You will also have to change the range input to 1 minute to be synconised. Else you will get 30 minute rolling windows, which is probably not what you want.
But, we also don’t really want to be spammed everytime the alert is triggered (until we have amazing automation systems) in place. So lets also add a backoff, so that the message can only be sent once every ten minutes if it occurs. In the above example it is given on the entire alert, but you can also do it at the action level, so you could have a alert being fired to send an email once every 10 minutes, but log it every time it occurs. You could also just set the schedule to 10 minutes…
The next thing is that we would probably want the watch to be triggered off percentages instead of absolute values, in the case of memory at least. So, remove the range constraint from the input query and instead add a transform that looks like this at the watch.
"transform": {
"script": {
"source": """
ctx.vars.result=new ArrayList();
def hits = ctx.payload.hits.hits;
for (int j = 0; j < hits.size(); j++) {
ctx.vars.result.add(((double) hits[j]._source.system.memory.free / hits[j]._source.system.memory.total) * 100);
}
"""
}
},
This takes the query results and builds an array with each entry being the percentage of free memory for that record. The above JSON might need to be flattened in order to work correctly, and is only spaced out like this to give readibility. It also uses painless scripting by default, which is provided by elastic as a scripting language. Refer to the elastic documentation around the over scripting options.

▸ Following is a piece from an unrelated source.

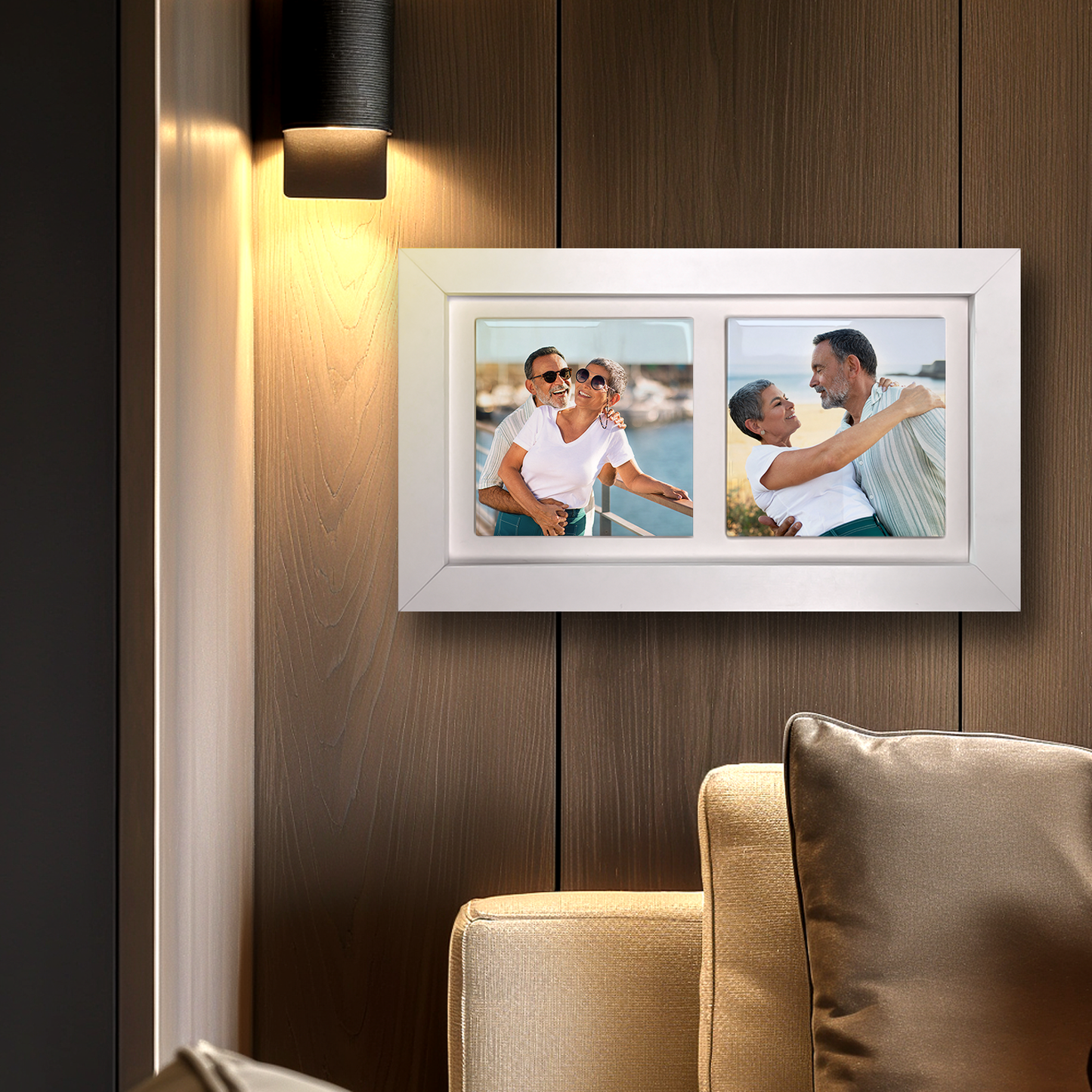 Family Portrait For Husband & Wife – Personalised Ceramic Tiles in Landscape Frame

Finally, we want to only alert when the memory usage is less than 20%, so we will need to change the condition clause as well to something like the following…
"condition": {
"script" : {
"source" : """
def results = ctx.vars.results;
for (int i=0; i < results.size(); i++) {
if (result[i] > 20) {
return true;
}
}
return false;
"""
}
}
Anytime a result has a value greater than 20 it will tell the watch to trigger. While this is better than our first watch it still has problems, firstly it does not take into account the entire time period which is a minute. A lot could have happened in a minute, such as going below 20 percent usage and then back above. Which means that the alert will not be required anymore. It also does not take into account where that alert came from, in the case when you send multiple hosts to the same metricbeat index. Finally, it might be normal for your memory usage to spike every now and then, which is why elastic provide a machine learning component to X-Pack.
Conclusions
The watches that can be built with elastic provide a comprehensive solution for triggering watches on data inside elastic indices. While it is a powerful tool, it is also awkward to work with and can be confusing. Some of the built in watches can provide good examples of how to build more complicated watches. Hopefully elastic will eventually provide a cleaner solution for managing and creating watches.